### GIVEN DATA
- - -
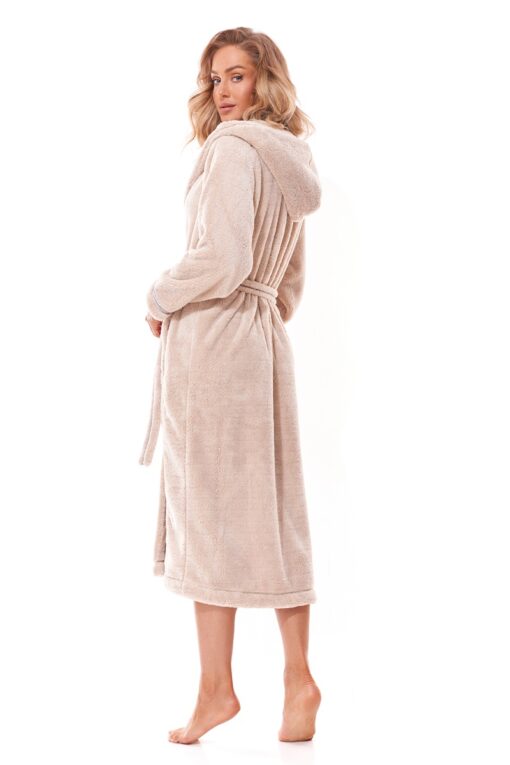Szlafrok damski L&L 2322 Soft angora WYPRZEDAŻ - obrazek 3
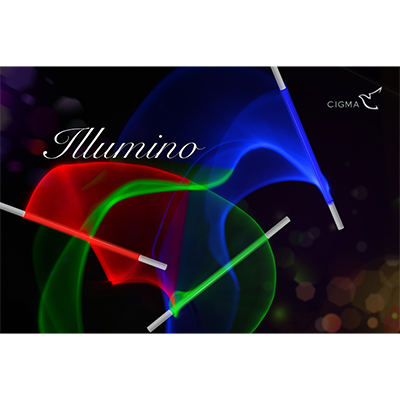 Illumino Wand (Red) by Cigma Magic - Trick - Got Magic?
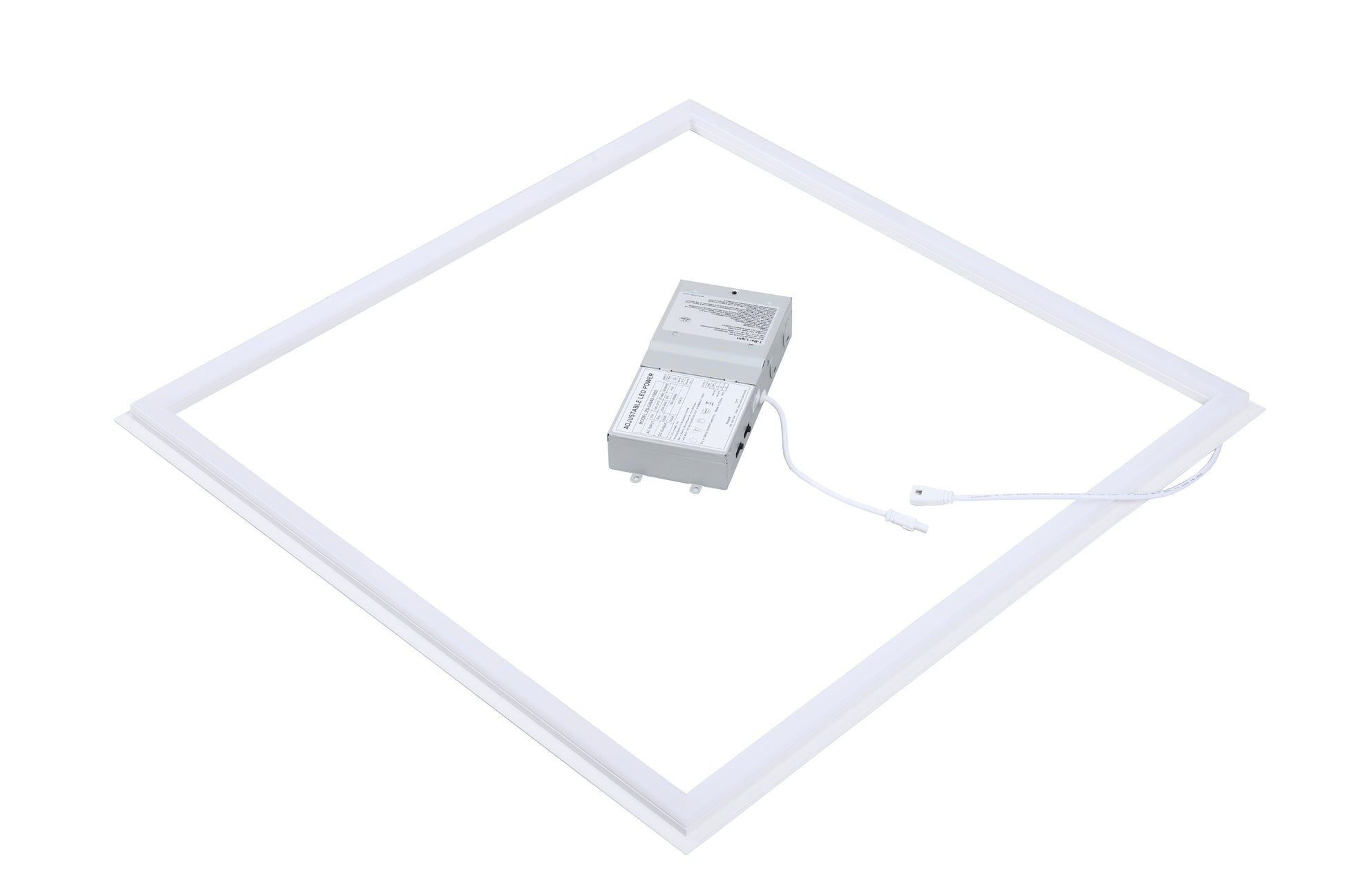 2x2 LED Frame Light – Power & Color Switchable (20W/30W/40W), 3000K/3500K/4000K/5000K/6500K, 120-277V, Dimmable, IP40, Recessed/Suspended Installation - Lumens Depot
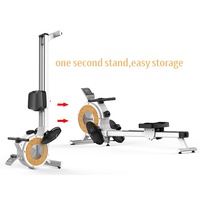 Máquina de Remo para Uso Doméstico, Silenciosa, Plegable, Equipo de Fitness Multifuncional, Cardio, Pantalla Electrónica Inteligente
- - -
### WHAT IS NEEDED
The job here is to retype the data exactly, with no pictures included.

### ANSWER FOR THIS EXERCISE
Szlafrok damski L&L 2322 Soft angora WYPRZEDAŻ - obrazek 3
 Illumino Wand (Red) by Cigma Magic - Trick - Got Magic?
 2x2 LED Frame Light – Power & Color Switchable (20W/30W/40W), 3000K/3500K/4000K/5000K/6500K, 120-277V, Dimmable, IP40, Recessed/Suspended Installation - Lumens Depot
 Máquina de Remo para Uso Doméstico, Silenciosa, Plegable, Equipo de Fitness Multifuncional, Cardio, Pantalla Electrónica Inteligente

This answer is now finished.